Breathe, You Say si snoda in due atti, come un racconto che passa dalla casa dell’infanzia a un rifugio verde, in una mappa di luoghi perduti, ricordati e quindi immaginati. Il primo atto, Finalmente posso andare, nato nel 2020, è un viaggio che inizia in luoghi familiari, ma ormai divenuti estranei: il passato affiora, filtrato dalla luce tenue di Laliscia, che colleziona ombre delicate, gesti minimi e, in tutto questo, recupera l’assenza, la perdita. Ci sono scatti che raccontano una casa, non con la precisione di un inventario, ma con il rispetto di chi la vive attraverso il tempo. Ricordi? Forse. Echi? Sicuramente. E quella finestra su cui scivola la luce, un dettaglio quasi inaudibile, diventa memoria cristallizzata. Laliscia riesce a farci vedere il passato nel presente, come se il tempo potesse piegarsi in una forma più tenue, in cui la perdita e la presenza si mescolano.
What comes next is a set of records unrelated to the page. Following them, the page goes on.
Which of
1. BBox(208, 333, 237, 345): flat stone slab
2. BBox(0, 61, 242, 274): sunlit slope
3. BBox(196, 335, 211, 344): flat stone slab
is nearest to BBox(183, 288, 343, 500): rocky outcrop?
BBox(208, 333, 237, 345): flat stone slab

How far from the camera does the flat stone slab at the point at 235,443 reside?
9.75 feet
Il secondo atto, dedicato al progetto più recente e in corso, è una fuga nei ritmi lenti della natura, che sembra dire: “Resta ancora un po’.” Qui, nei dettagli più minuti – un filo d’erba scosso dal vento, il tronco di un albero che sembra aver vissuto più di chiunque – Laliscia costruisce un rifugio visivo, un angolo di quiete. Non è un’immagine patinata né una cartolina idilliaca da conservare, è piuttosto un diario che esplora la natura come fosse un mondo da ascoltare, come se davvero potessimo fuggire il rumore e ricominciare a vedere.
Se a volte sentiamo che l’immagine si è staccata dalla sua funzione, qui Laliscia sembra ricordarci che fotografare è, in fondo, un “atto di attenzione”, come sosteneva Susan Sontag. Non è solo un modo per fare memoria o documentare il reale, ma un esercizio che restituisce respiro all’atto di osservare. In questo invito alla lentezza, Breathe, You Say non si limita a fermare un istante: è una piccola lezione su come rallentare e non lasciare che il mondo ci scivoli via senza essere vissuto.
La fotografia di Cinzia Laliscia non urla. Non esige un posto nella tua testa, ma si deposita lì come un granello di sabbia che trovi nella tasca molto tempo dopo una giornata in spiaggia. Ti porta a chiederti se esiste ancora un ritmo che non divori, un tempo che non spinga oltre, ma trattenga, in un presente che si fa rifugio. Un modo per, in fondo, semplicemente respirare.